There are common mistakes traders make when applying Fibonacci retracements to market charts:

**Stay consistent**

Using a candlestick chart, consistent Fibonacci reference points will measure the closing high to the closing low. Mixing the points would mean measuring from the closing high to the day’s lowest point.**Zoom out**

Inexperienced traders often measure significant moves in a stock’s price in the short term, while ignoring the long term. A stock may appear to be trending down over the period of an hour, but in reality has been trending upward over several days.**The basket and eggs**

Relying on Fibonacci alone is a mistake. Use additional tools like Elliott Wave to verify the Fibonacci results and help find a good trade.**Less is less**

Don’t use Fibonacci over short intervals, as the market is volatile.
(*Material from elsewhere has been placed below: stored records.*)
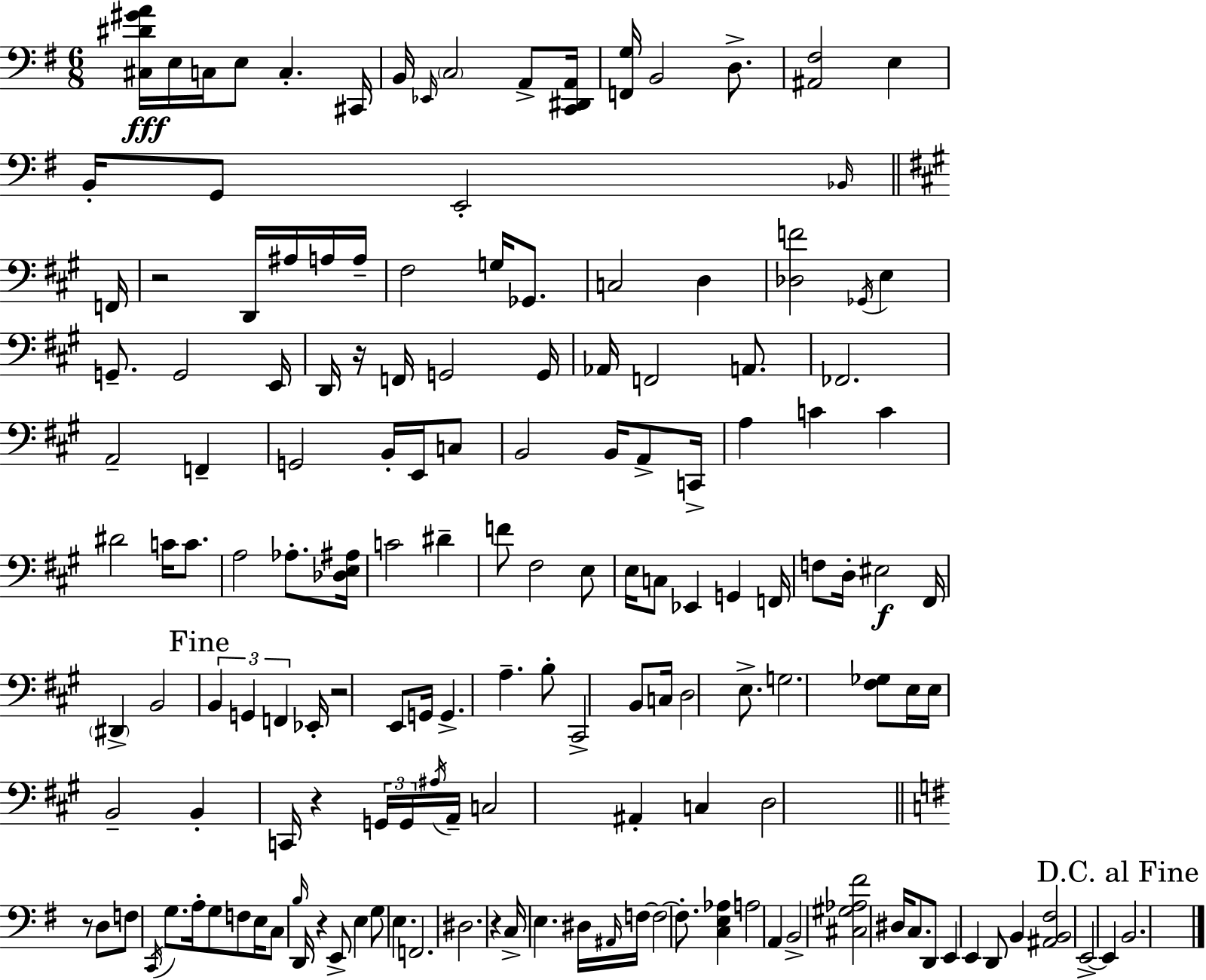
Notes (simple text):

[C#3,D#4,G#4,A4]/s E3/s C3/s E3/e C3/q. C#2/s B2/s Eb2/s C3/h A2/e [C2,D#2,A2]/s [F2,G3]/s B2/h D3/e. [A#2,F#3]/h E3/q B2/s G2/e E2/h Bb2/s F2/s R/h D2/s A#3/s A3/s A3/s F#3/h G3/s Gb2/e. C3/h D3/q [Db3,F4]/h Gb2/s E3/q G2/e. G2/h E2/s D2/s R/s F2/s G2/h G2/s Ab2/s F2/h A2/e. FES2/h. A2/h F2/q G2/h B2/s E2/s C3/e B2/h B2/s A2/e C2/s A3/q C4/q C4/q D#4/h C4/s C4/e. A3/h Ab3/e. [Db3,E3,A#3]/s C4/h D#4/q F4/e F#3/h E3/e E3/s C3/e Eb2/q G2/q F2/s F3/e D3/s EIS3/h F#2/s D#2/q B2/h B2/q G2/q F2/q Eb2/s R/h E2/e G2/s G2/q. A3/q. B3/e C#2/h B2/e C3/s D3/h E3/e. G3/h. [F#3,Gb3]/e E3/s E3/s B2/h B2/q C2/s R/q G2/s G2/s A#3/s A2/s C3/h A#2/q C3/q D3/h R/e D3/e F3/e C2/s G3/e. A3/s G3/e F3/e E3/s C3/e B3/s D2/s R/q E2/e E3/q G3/e E3/q. F2/h. D#3/h. R/q C3/s E3/q. D#3/s A#2/s F3/s F3/h F3/e. [C3,E3,Ab3]/q A3/h A2/q B2/h [C#3,G#3,Ab3,F#4]/h D#3/s C3/e. D2/e E2/q E2/q D2/e B2/q [A#2,B2,F#3]/h E2/h E2/q B2/h.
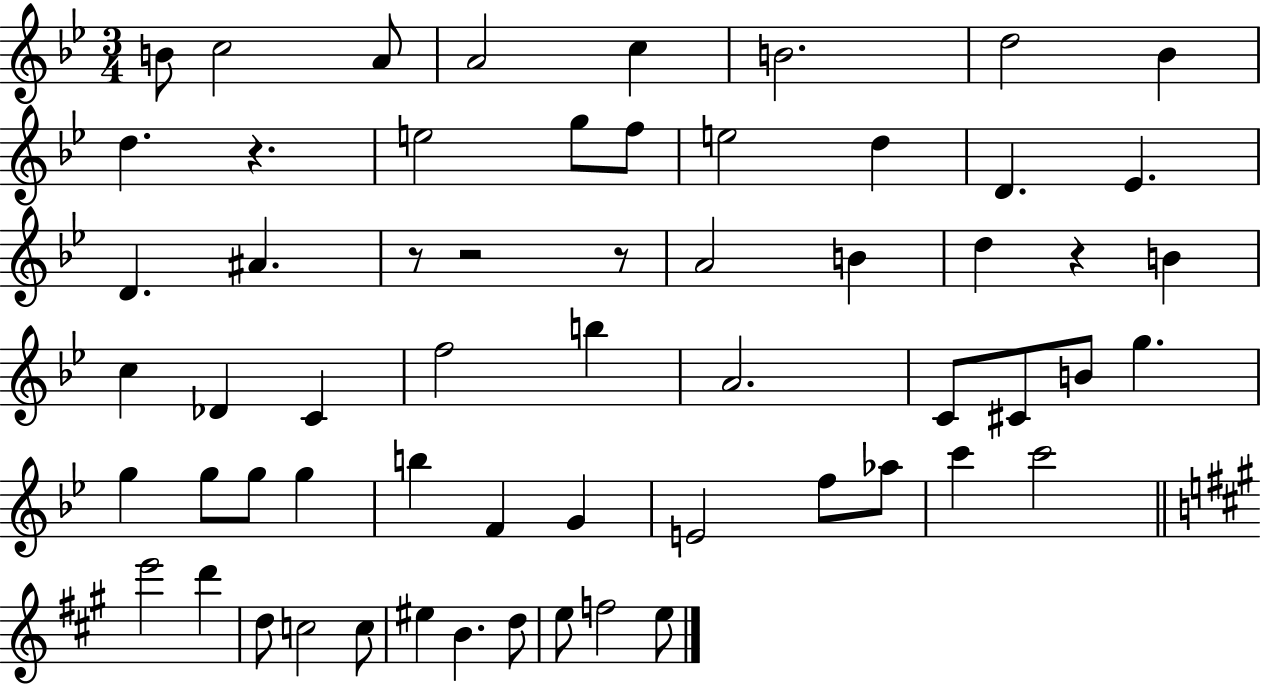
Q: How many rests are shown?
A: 5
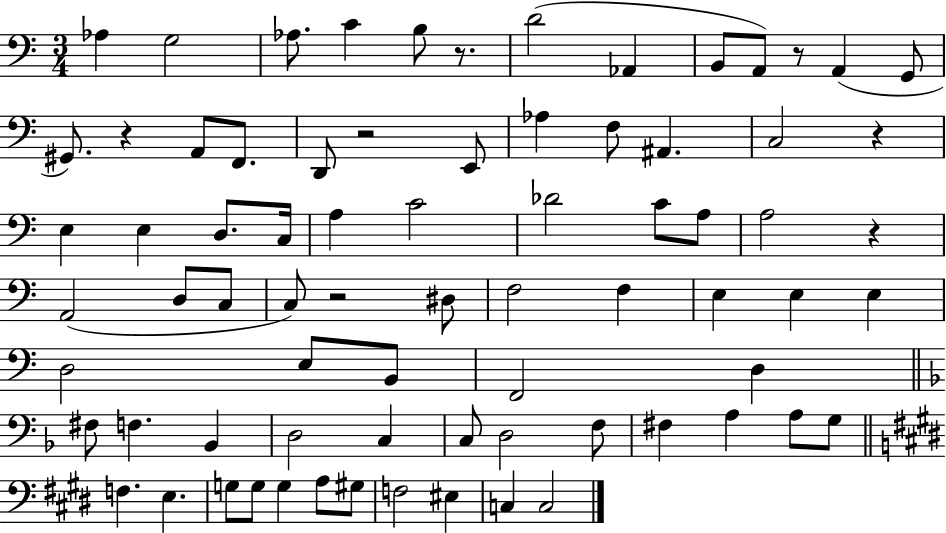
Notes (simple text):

Ab3/q G3/h Ab3/e. C4/q B3/e R/e. D4/h Ab2/q B2/e A2/e R/e A2/q G2/e G#2/e. R/q A2/e F2/e. D2/e R/h E2/e Ab3/q F3/e A#2/q. C3/h R/q E3/q E3/q D3/e. C3/s A3/q C4/h Db4/h C4/e A3/e A3/h R/q A2/h D3/e C3/e C3/e R/h D#3/e F3/h F3/q E3/q E3/q E3/q D3/h E3/e B2/e F2/h D3/q F#3/e F3/q. Bb2/q D3/h C3/q C3/e D3/h F3/e F#3/q A3/q A3/e G3/e F3/q. E3/q. G3/e G3/e G3/q A3/e G#3/e F3/h EIS3/q C3/q C3/h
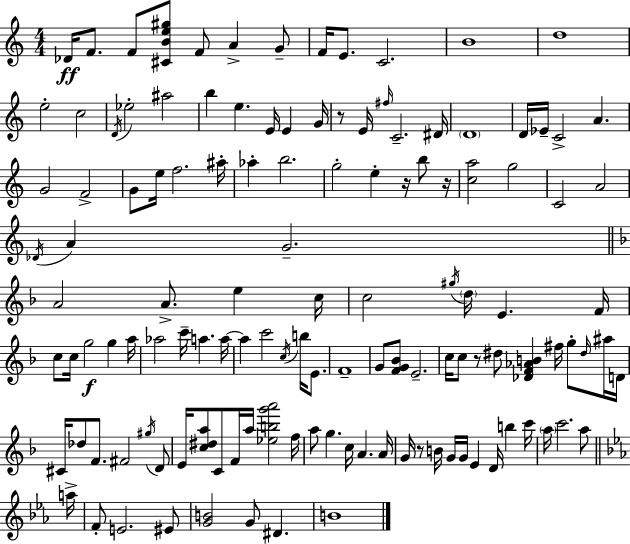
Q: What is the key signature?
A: A minor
Applying Fibonacci retracement over a short timeframe yields less reliable retracement levels. As is true with any statistical study, more data leads to better analysis.

After years of analyzing his ‘waves’, Elliott concluded that the Fibonacci series was the basis of his Wave principle. Fibonacci numbers appear again and again in Elliott wave structures - from motive waves (1, 3, 5) to the far more complex patterns. It’s interesting to note that Elliott had no idea that the Fibonacci sequence appeared in his model of the market and – in fact – claimed he had never even heard of the Fibonacci series when he originally developed his model.